Reuse memory of mxnet::cpp::NDArray

How could I reuse memory of the NDArray?
According to the example, when I want to copy the memory of opencv to NDArray, I have to create a new NDArray, reallocate new buffer.

Is it possible to ask the NDArray reuse the float pointer directly, or copy the data of float pointer into the memory of old NDArray, which already allocate the memory?

No it is not possible. What are you trying to do that makes you concerned about the memory usage?

Because reallocate memory every times is not necessary, this cost could be avoided by users easily if the NDArray provide the api like the cv::Mat of opencv.

Premature optimization is evil, but we do not need to become pessimistic either.

MXNet has an asynchronous execution engine. In a typical training setting, your training is done on GPU and data preprocessing is done on CPU. Because of the asynchronous nature of MXNet, preprocessing of the next batch of data can happen in parallel to graph computation of the current batch and the cost of an extra memcpy during preprocessing would not impact your training performance.

Also keep in mind that every single neural network operator in MXNet results in a memcpy after computation. The initial memcpy from cv to mxnet is going to be very negligible compared to even the smallest convolutional network.

The initial memcpy from cv to mxnet is going to be very negligible compared to even the smallest convolutional network.

Not for training, but want to save some extra cost when doing inference. Even it is very negligible for performance, but it is not a bad things to avoid the cost if the api is easy enough to use.

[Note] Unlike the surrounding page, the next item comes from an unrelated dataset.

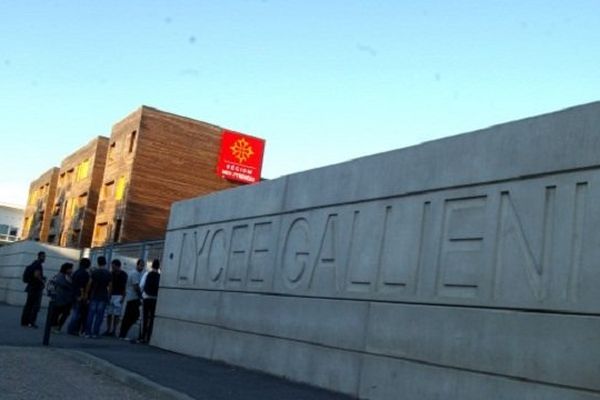 Le jeune Cheik Bouchiki prépare un CAP chauffeur poids lourd au lycée Gallieni de Toulouse.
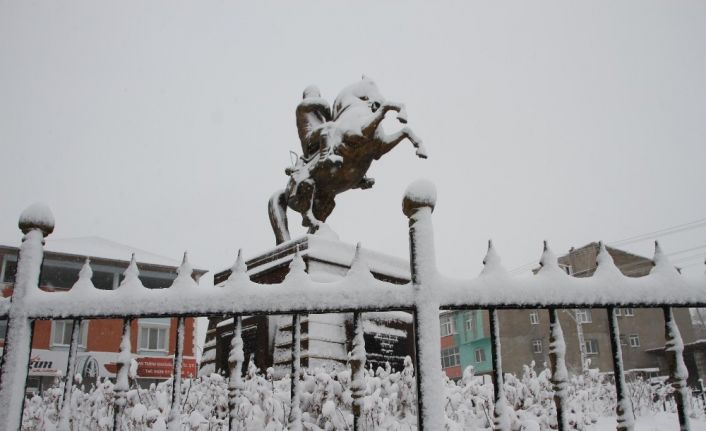 Malazgirt’te kar yağışı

By the way, do c++ api of mxnet support arbitrary batch size when doing inference?
Unlike the issue of reallocate memory/copy, I thinkbatch size do have big impact on performance

Thanks for your helps.

Arbitrary batch-size is supported, but every time batch-size changes, a new allocation for the network happens which slows down inference. You can consider having a few batch-size buckets to avoid memory allocation for each new batch-size.

Any plan to avoid reallocation of the network?

Not that practical because

  1. memory of gpu/cpu are limited
  2. impossible to predict how many faces/persons/etc would appear in the frame at runtime

Is this problem hard to solve?Like need to change a lot of codes, would have big impact on the architectures etc?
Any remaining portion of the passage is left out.